# SNOW KAYAKING COLORADO!



## Caleb125 (Oct 25, 2012)

When the snow falls and the rivers freeze we tend to get a little eager for spring.

Kayakers Caleb Chicoine and Max Clark snow kayaking in Colorado. Winter doesn't stop them from their passion!

Original music composed by Max Clark.

Filmed by Max Clark and Caleb Chicoine.

Edited by Caleb Chicoine.

https://www.youtube.com/watch?v=seCeK2QHZ7w


----------



## caspermike (Mar 9, 2007)

I'm pretty sure that would qualify as sledding..


----------



## DoStep (Jun 26, 2012)

Shoot. I was hoping to see something more like this...

5th Annual Monarch Mountain Kayaks on Snow Boatercross - YouTube

Action starts 2 minutes in.


----------



## lmyers (Jun 10, 2008)

https://www.youtube.com/watch?v=b9a3lMKWIxo&feature=youtube_gdata_player


https://www.youtube.com/watch?v=oR1ZBKuEEfw&feature=youtube_gdata_player


----------



## Jono (Jun 11, 2013)

XD holy shit that was a big crash


----------



## GPP33 (May 22, 2004)

lmyers said:


> https://www.youtube.com/watch?v=b9a3lMKWIxo&feature=youtube_gdata_player


When I tried this it didn't work nearly that well. 




lmyers said:


> https://www.youtube.com/watch?v=oR1ZBKuEEfw&feature=youtube_gdata_player


And that one took a lot of beer.


----------



## Raenic720 (Dec 14, 2016)

*Snow Rafting*

So, I just joined and was hoping someone could help me out. I see alot of post about Kayaking the snow... Is there anyplace here in Colorado where you can raft the snow?


----------



## samcpa (Nov 8, 2014)

https://www.youtube.com/watch?v=7XGANlZpnio


----------



## AndyFarq (Sep 17, 2014)

If you can snow kayak it, you can snow raft it. Just make sure it's in a safe area, and give it a quick coat of 303 to really make it slide


Sent from my iPhone using Mountain Buzz


----------



## cayo 2 (Apr 20, 2007)

We've been through this before ,but if anyone knows of a place where you can go an appreciable distance and end up at a vehicle accessible spot to drive back up ,rather than having to carry back up ,on the front range ,that would be sweet.Some said Berthoud Pass.Dirt roads E/SE of Denver have some big ass hills and easy access but if you got really hauling ass you could wipe out into barbed wire fences.

Tried old school creek boat on some sorry hills ,might go too fast under optimal conditions.Always though of wrapping a ducky in one of those cheap blue tarps ( to protect boat and keep snow and sticks from getting in the bailing holes - on an Aire) and going down rough surfaces or moguls.Any sledding places or ski areas that allow'alternative modes of locomotion?


----------



## BrianK (Feb 3, 2005)

I know this is an old thread - but for future searchers we need to make sure we include the best snow kayaking video ever. 

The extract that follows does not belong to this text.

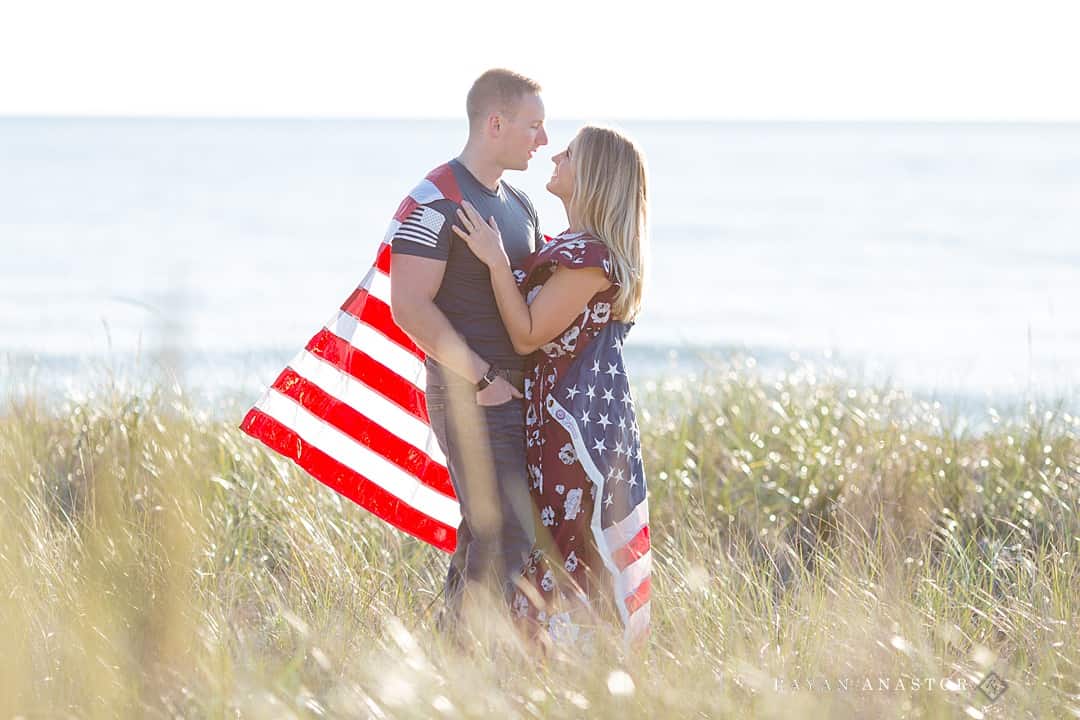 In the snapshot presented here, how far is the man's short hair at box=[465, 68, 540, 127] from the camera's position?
404 cm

https://www.youtube.com/watch?v=3flztm1fF6s


----------



## mprobst (Oct 13, 2003)

All you guys using creek boats are doing it wrong. You need an old Savage Fury with the sidecut.


----------



## JIMM (Nov 3, 2009)

*re snowkayaking*

I wonder if anyone has tried it in a "flat bottomed" Dropstitch floor IK? Should be a real blast. The only drawback with the IK as I see it is that carving of any sort would be impossible due to lack of edges but otherwise should be fun, including getting some air over bigger bumps?? Any thoughts on this?


----------



## Chief Niwot (Oct 13, 2003)

As a Ned resident, I have been eyeing caribou for this. Lots of options (steep and distance) and car shuttle.


----------



## Andy H. (Oct 13, 2003)

BrianK said:


> I know this is an old thread - but for future searchers we need to make sure we include the best snow kayaking video ever.
> 
> https://www.youtube.com/watch?v=3flztm1fF6s


It's reassuring to see that this guy was setting the right example by wearing a PFD in some of the shots and so I presume had a PFD on under his jacket in the other scenes.

Safety first,

-AH


----------



## Dave Frank (Oct 14, 2003)

I'd be concerned with literally burning the bottom of the rubber if you found a long run to snow raft.


----------



## gannon_w (Jun 27, 2006)

Andy H. said:


> It's reassuring to see that this guy was setting the right example by wearing a PFD in some of the shots and so I presume had a PFD on under his jacket in the other scenes.
> 
> Safety first,
> 
> -AH


At 32 seconds he took his hand off for the first brown claw ever!


----------



## DesertRatonIce (Jan 1, 2015)

The first year Monarch had their kayak downhill races, there were 2 dudes who went down in a raft. I think it was in an Aire. It was more of a crowd favorite then the kayaks themselves. Wish they would do it again. 


Woke up this morning at 10:13.


----------